2.   Sign up for an account.

3.   Transfer money.

4.   Start trading.

Step 1: Choose a Brokerage Provider

There are several kinds of brokerage accounts, and the type you choose will depend on what you’re trying to accomplish.

•  Full-service brokerage firms not only allow clients to trade securities, they may also offer financial consulting and other services—though the price may be steep, compared to the other options here.

•  Discount brokerage firms typically charge lower fees than full-service, but as a result clients don’t have access to additional financial consulting or planning services.

•  Online brokerage firms are typically online-only, allowing clients to sign up, transfer money, and make trades through their website. These firms typically offer the lowest fees.

The accounts above are known as cash accounts: You must buy securities with funds you put in your account ahead of time. You may also encounter other more complicated types of brokerage accounts known as margin accounts, which allow you to borrow money from your brokerage to make investments, using your case account as collateral.
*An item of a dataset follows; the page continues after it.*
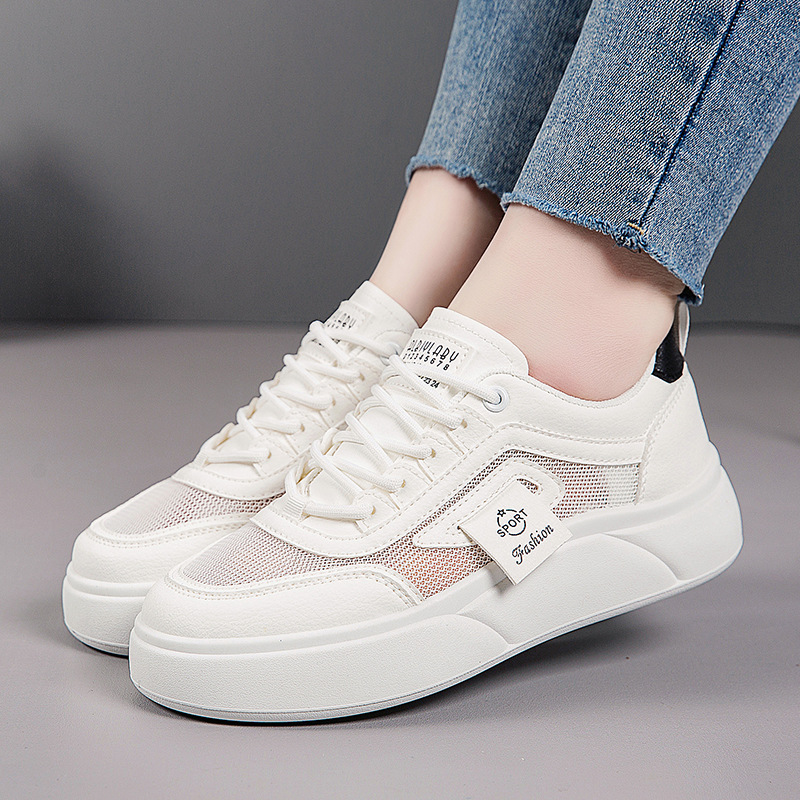 Women Breathable Mesh Platform Casual Sneakers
These accounts tend to be for sophisticated investors willing to shoulder the risk that investments bought with borrowed funds will lose value.
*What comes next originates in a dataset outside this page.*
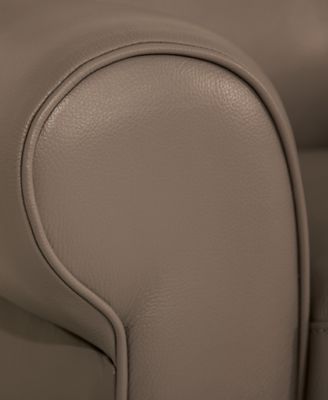 Orid 84" Leather Roll Arm Sofa, Created for Macy's
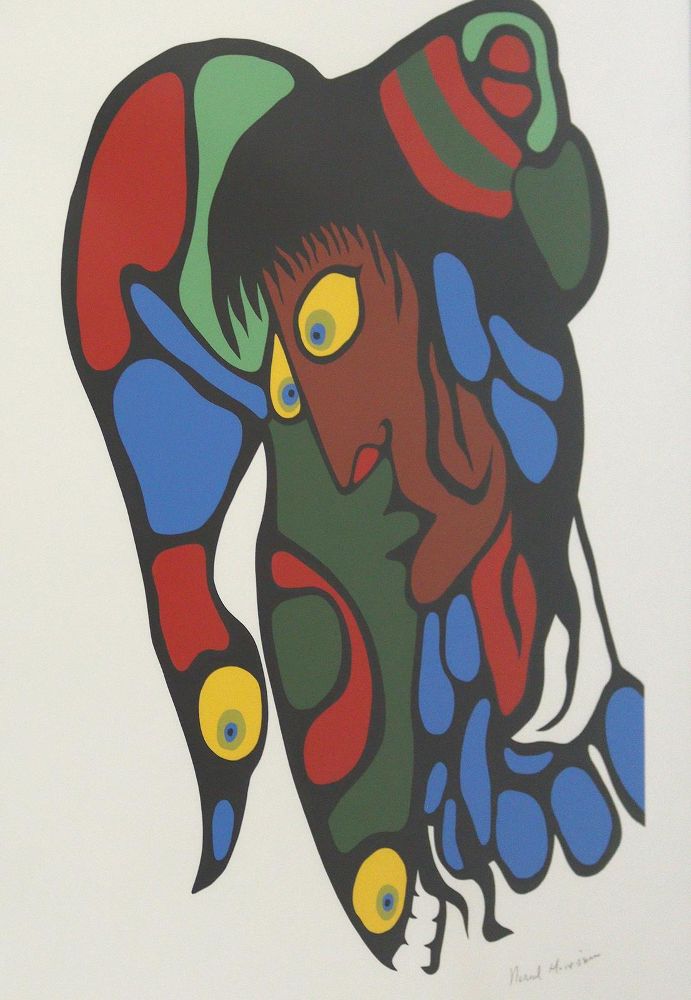 Große Abbildung Nr.10: 124-3711 Morrisseau, Norval: (Künstlergraphik)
Before working with an individual investment advisor or a firm, it can be a good idea to run a check on their background. The Financial Industry Regulatory Authority (FINRA) offers online broker checks where you can enter a broker’s name, or the name of a firm, to learn whether a broker is registered to sell securities, offer investment advice, or both. And you can learn about a broker’s employment history, regulatory actions, and whether there are past or current arbitrations and complaints.
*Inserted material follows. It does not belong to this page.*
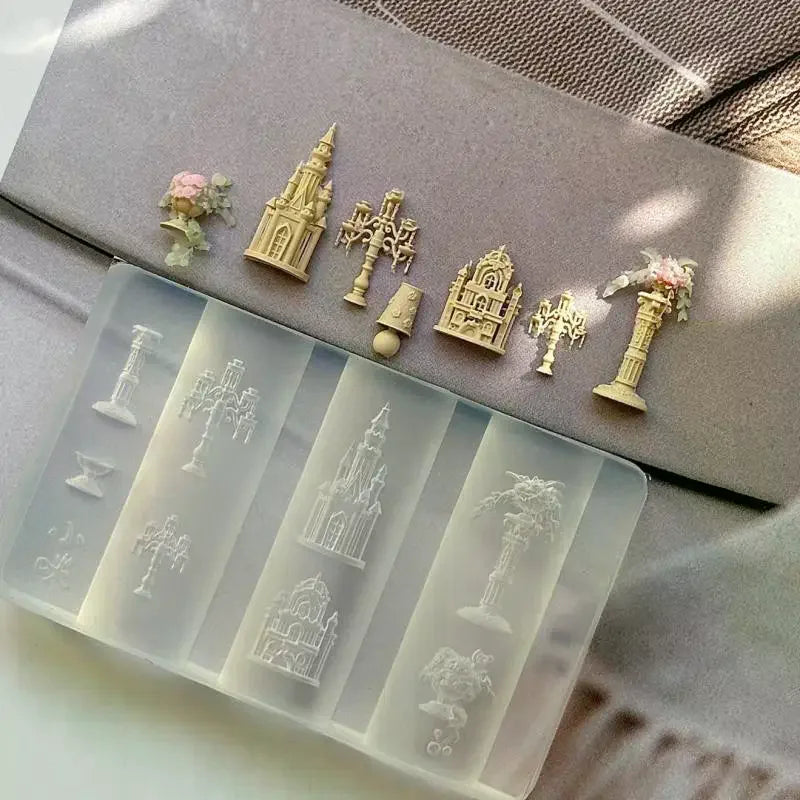 3D Silicone Nail Art Mold – Flower Bow Butterfly Designs Silicone Nail Mold QXL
Step 2: Sign Up for a Brokerage Account

Most brokers of all kinds allow you to open and access your brokerage account online. When you open the account, you will likely be asked to provide your Social Security number or taxpayer identification number, your address, date of birth, driver’s license or passport information, employment status, annual income and net worth. You may also be asked about your investment goals and risk tolerance.

For the most part, they should not charge you a fee for opening an account. While some may require account minimums, others allow you to open an account with no minimum deposit.

There is no limit on the number of brokerage accounts you can open, and you may be able to hold multiple accounts with multiple brokerage firms.

Step 3: Transfer Money

You will need to fund your new brokerage account before you can purchase any securities. You can deposit money in a brokerage account like you would in a traditional bank account.

Step 4: Start Trading

Many brokerage firms will offer a way for you to earn interest on uninvested funds so that your money continues to work for you even when not invested in the market.

How Do Brokerage Accounts Work?

The brokerage firm with which you hold your account maintains the account and acts as the custodian for the assets you hold. In other words, they safeguard your assets from being lost or stolen.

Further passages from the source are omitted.